Another way of looking at it is that exports have done well due to improvements in mining and commodity prices as well as the recovery in the CIS region, which has occurred at the same time. Oil prices were far higher in 2017 than they had been at the beginning of the crisis in 2015, although most of the improvement occurred in 2016. That means it has taken a year for the CIS region to significantly start to recover. The CIS region as a whole grew by 2 percent in 2017. This is not great, but compares favorably to the rate in 2016 - and -2.2 percent growth in 2015. It might also suggest that the recent rise in oil prices won't be felt in the region until the end of the year.

The geographic distribution of exports also demonstrates how growth in the region is driving the current success, with exports to Europe increasing by 10 percent, compared to the 60 percent increase in exports to CIS countries, in particular exports to Russia, which increased by 91 percent. This means that the CIS is now responsible for 43 percent of Georgia's export market; Russia makes up 14 percent, compared to Europe as a whole, which holds a 24 percent share.

What do all of these shifts mean for 2018? The IMF is continuing to predict similar growth this year, which continues to put us way ahead of the regional average. This is good news but any recovery in consumption will put a disproportionate negative pressure on the lari: growth in exports is unlikely to keep pace with the growth in imports, since Georgia imports 3x what it exports.

The counterweights to the balance of trade are tourism, remittances, international borrowing and FDI. In predicting currency levels in the medium term, the key question is which of the four will rise quicker? They all have the potential to grow. Overall remittances are rebounding since the huge drop in 2015. Russian remittances are only at 57 percent of their previous high and Greece is only at 69 percent, suggesting considerable opportunity for recovery. There is no evidence that tourism growth has plateaued yet and FDI numbers remain fairly strong.

However, undoubtedly the biggest economic story of 2018 will be infrastructure spending. The government plans to spend $4.5 billion over the next few years on infrastructure, mostly bridges, roads and tunnels. Also, there are still a large number of big hydro projects that seem to be moving forward as well as projects like Anaklia.

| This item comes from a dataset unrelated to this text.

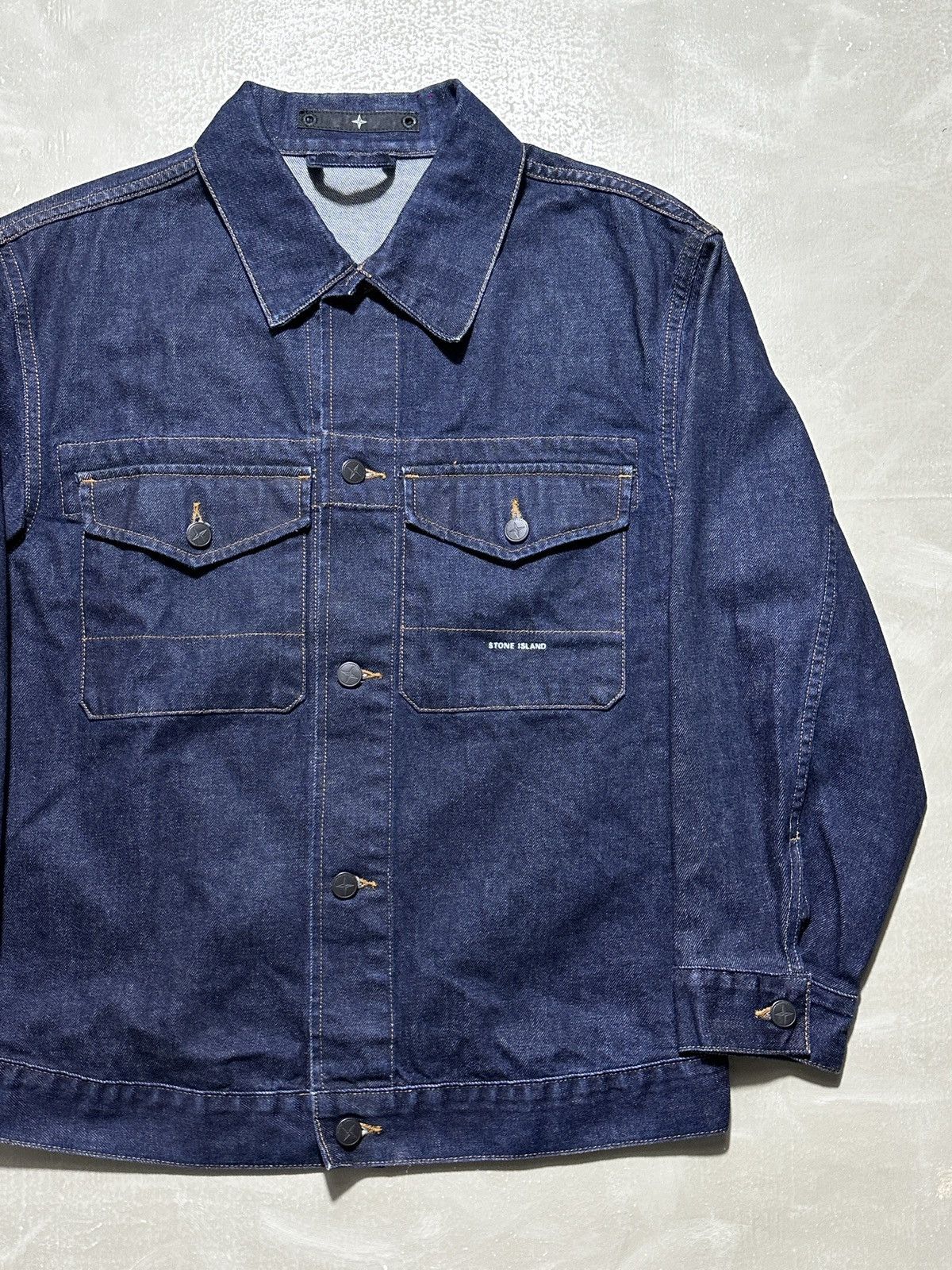 Stone Island Vintage Stone Island Denims Navy 00s Denim Tracker Jacket Size US XL / EU 56 / 4 - 5 Thumbnail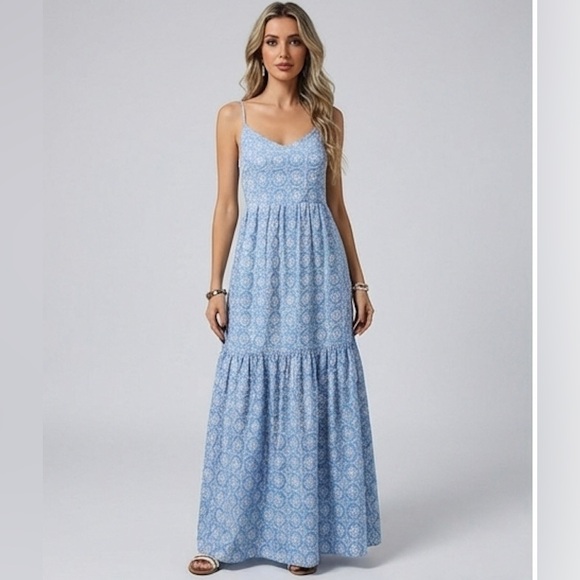Blue & White Boho Eyelet Embroidered Tiered Maxi Dress - Picture 6 of 10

Hopefully, the long-term impact of this infrastructure spending will be to significantly increase the capacity of the country for transport and logistics, increasing productivity across the board as well as directly stimulating tourism, the transport sector, export-oriented local manufacturing and much more.

The more immediate impact, however, is that such a large cash injection will have a significant stimulus effect on the economy and on the currency. Depending on when all this spending occurs, and again assuming nothing else changes, we might expect a boost to both the GDP and the value of the lari. The exact nature and timing of that is not clear yet. While some contracts have already been signed and work has started, the 'ramping up' of the actual infrastructure spending volume may not occur until the end of the year, or even 2019. If this happens alongside a strong regional recovery, then we could expect a few very strong years ahead.